During the years, Volochkova has also given numerous gala performances and recitals in Moscow, Paris, London, Athens, Lausanne, Tel Aviv, Abu Dhabi, New York and many others. Solely in London, she has headlined performances at the Royal Albert Hall, Royal Opera House, Coliseum, Palladium and Sadler's Wells Theatre, where she made her debut in Rodion Shchedrin's Carmen Suite, based on the opera Carmen by Georges Bizet. The ballet was originally staged for Maya Plisetskaya at the Bolshoi Theatre by choreographer Alberto Alonso, and Plisetskaya personally directed the role for Volochkova. In New York, Volochkova has performed at the Alice Tully Hall of Lincoln Center for the Performing Arts.

In 2010, Anastasia Volochkova formed a tandem with Ukrainian countertenor Alex Luna and organise a joint tour "Nine Stories of Love".

As of 2010, Volochkova starred in her first tour of Chile, performing in Santiago, Antofagasta, La Serena, Viña del Mar, Talca, Temuco, Puerto Montt and Concepción. The Tales of Destiny show included fragments and highlights of some of the most famous ballets, including Don Quixote, Giselle and Swan Lake, as well as contemporary choreographies set to music by Nino Rota, Charles Dumont, Ara Gevorgyan and Karl Jenkins. In the show, Volochkova was supported by principal dancers and soloists of both the Bolshoi and Mariinsky Ballets.

With her benefit performances, Volochkova has helped to contribute funds for various causes, especially for Russian children, including children with health problems, orphanages of Saint Petersburg and the Beslan victims. She has also supported a secondary school in Saint Petersburg, for example, with a benefit performance at Sadler's Wells Theatre in London.

===Other work===
In addition to her career as a dancer, Volochkova has also worked as an actress and a model, starring in films and TV series as well as modelling for Chopard jewellery.

She appeared in the first season of ice show contest Ice Age.

==Personal life==
Volochkova has been married once, and she has a daughter, Ariadna, born in 2005. They live in Saint Petersburg and Moscow.

In 2010, Volochkova graduated with an MBA from the Higher School of Economics. "I plan to create a network of schools of creative education, which will teach the choreography, visual arts, music and ethics", she has said regarding her future plans.

==Media personality==
Volochkova is a celebrity in Russia, and has featured in newspapers, magazines, and TV shows, such as Ice Age, on a regular basis.

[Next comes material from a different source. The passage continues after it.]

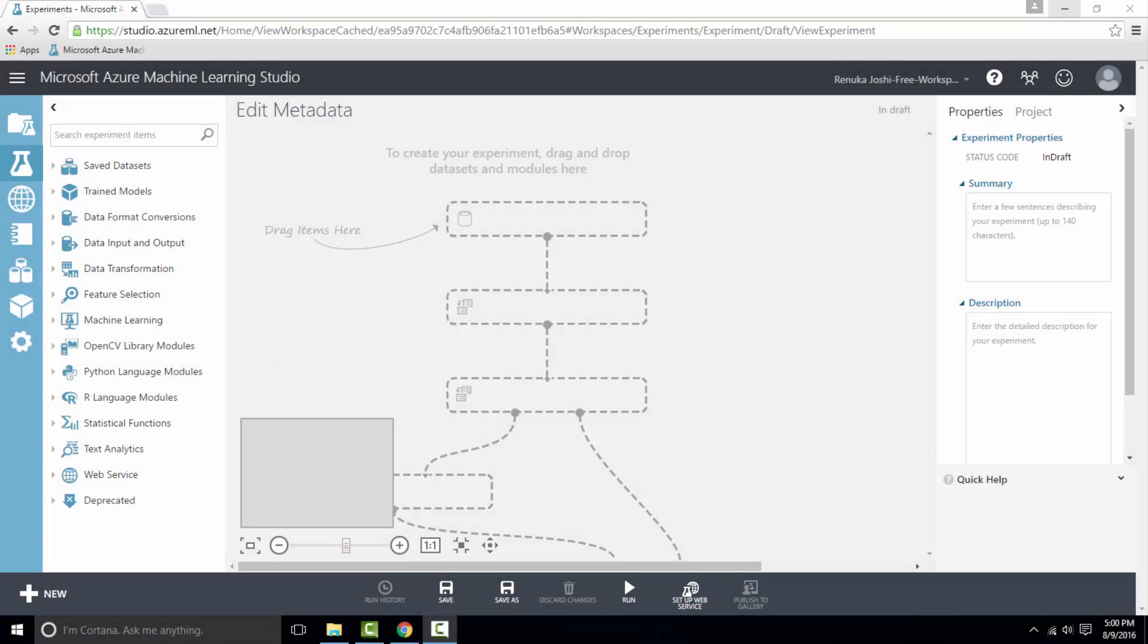Welcome to the series of Azure ML Toolbox video tutorials. Today I'm going to talk about Edit Metadata Control in Azure ML. Edit Metadata Control is used to change the metadata associated with columns in the dataset.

In 2003, it was reported that the Bolshoi Ballet had dismissed her for being too heavy and tall. Russian Minister of Culture Mikhail Shvydkoy had suggested her to accept lesser roles, such as minor part in Swan Lake, to which Volochkova responded: "I have played the leading role in nearly every classical ballet. Legally I should be reinstated into the same position as I was in before". In 2004, Volochkova filed a million dollar lawsuit against her former manager Anatoly Iksanov, claiming harm to her personal and professional reputation. She stated that "Ballet is not an art of kilograms; it is an art of the soul". The court found for her and awarded $6,400.

In 2011, after being part of the United Russia party for eight years, she quit its membership. In an interview with Radio Liberty, she said that she decided to quit the party after United Russia had duped her into signing condemnation of the imprisoned oligarch Mikhail Khodorkovsky.

In 2013, Volochkova compared Bolshoi Ballet to a brothel, citing that ballerinas were forced to have sex with the oligarchs, or, upon refusal, they would be expelled from the school or be banned from international tours.

She has been outspoken against the annexation of Crimea to Russia in 2014, and stated that, for her, Crimea would always be a part of Ukraine.